Classes are scheduled to resume Wednesday at Greens Farms Elementary School. The school was closed two days after a fire sprinkler pipe burst early Monday, causing damage that needed major repairs.
"The pipe that controls sprinklers at Greens Farms froze up and burst, causing extensive damage to one major wing," Superintendent of Schools Elliot Landon told Board of Education members during a Monday night meeting.
He said a motion detector in the building alerted officials around 2 a.m. Monday that there was some type of incident had occurred.
He said firefighters managed to shut off the water early Monday, but by that time, the damage was done.
"We don't know how it happened," he told the school board.
Fire Marshal Edward Zygmant said water from the burst pipe "flowed for a period of time" in the front section of the building before firefighters arrived to turn it off.
"Extensive work is needed," Landon said of the repairs, adding walls, ceilings and ceiling tiles all had to be removed. "There's lots of work to be done," he said.

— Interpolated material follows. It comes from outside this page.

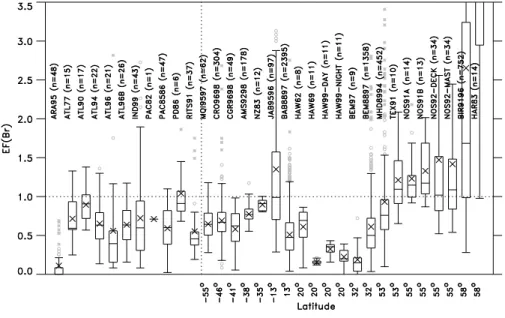 Fig. 2. Box-and-whisker plots of EF(Br) for bulk aerosol samples. For size-segregated measurements, the sum of all sizes was used
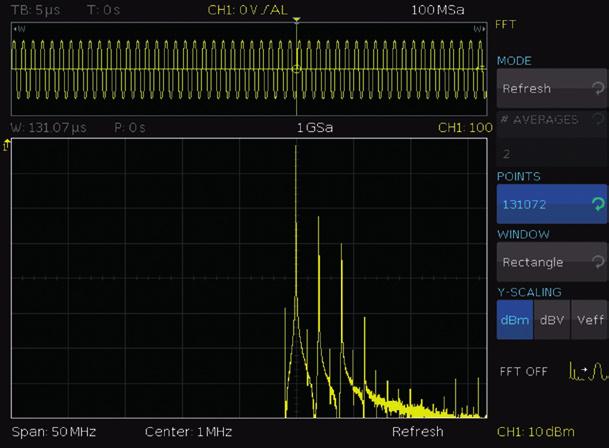 Development engineers can complete their analysis significantly faster, even in the frequency domain. Sinusoidal signal in the time domain.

Classes were cancelled both Monday and Tuesday because officials did not want students in the building while repair work was being done.

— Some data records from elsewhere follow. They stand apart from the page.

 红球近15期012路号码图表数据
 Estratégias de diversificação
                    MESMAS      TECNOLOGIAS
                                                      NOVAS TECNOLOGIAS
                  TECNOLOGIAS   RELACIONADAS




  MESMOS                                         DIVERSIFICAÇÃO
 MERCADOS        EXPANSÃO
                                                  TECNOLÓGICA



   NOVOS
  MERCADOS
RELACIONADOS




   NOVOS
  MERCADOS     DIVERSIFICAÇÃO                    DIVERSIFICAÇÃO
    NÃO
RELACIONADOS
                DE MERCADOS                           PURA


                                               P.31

The Republican Town Committee Tuesday announced that a caucus to select new members -- scheduled to take place at the school Wednesday as part of the GOP's townwide causes -- will, instead, take place at 7:30 p.m. Wednesday in Town Hall.

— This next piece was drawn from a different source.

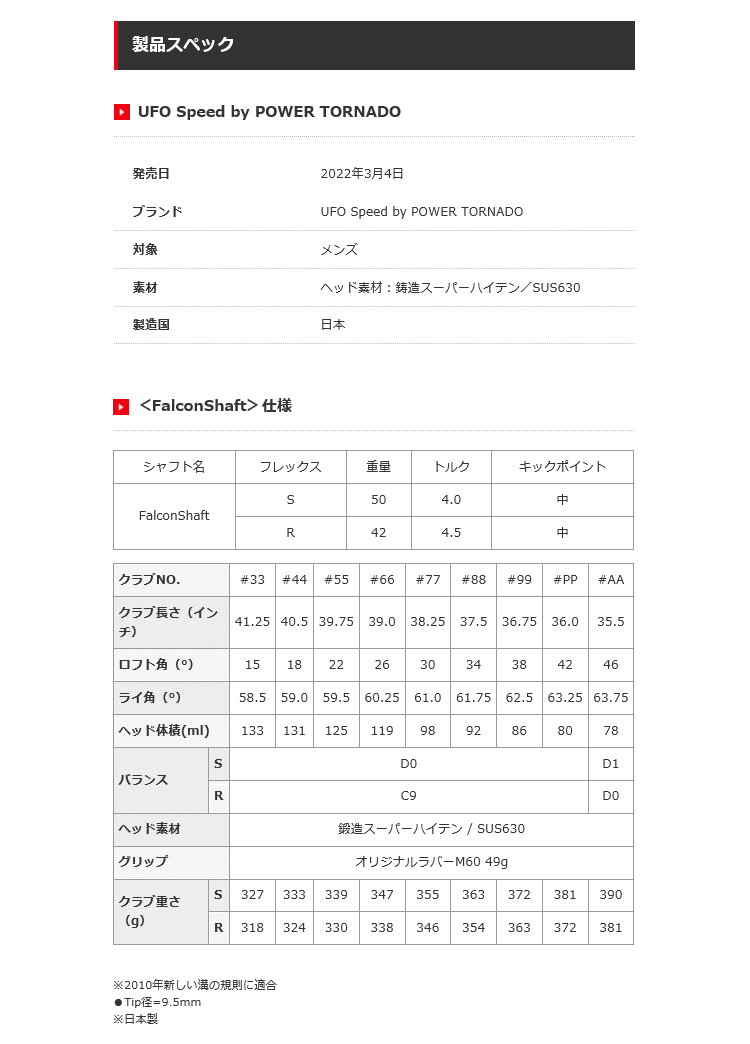 パワートルネード キャスコ ゴルフ ユーフォー スピード by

The school's sprinkler was just one of the casualties caused by this week's cold snap.
"We have been running all over town," Zygmant said Monday afternoon about the high volume of calls the Fire Department received for emergency assistance with broken water pipes.
Besides Greens Farms School, firefighters also were dispatched to handle weather-related problems at the Birchwood County Club as well as homes on Charles Street, Riverside Avenue, Post Road West and Wilton Road, to name a few, Zygmant said.
Firefighters assisted in getting the water turned off at those locations.
"It's not getting any better, but it's not the worst we've seen," he said, adding such problems routinely arise "when the temperature dips the way it does."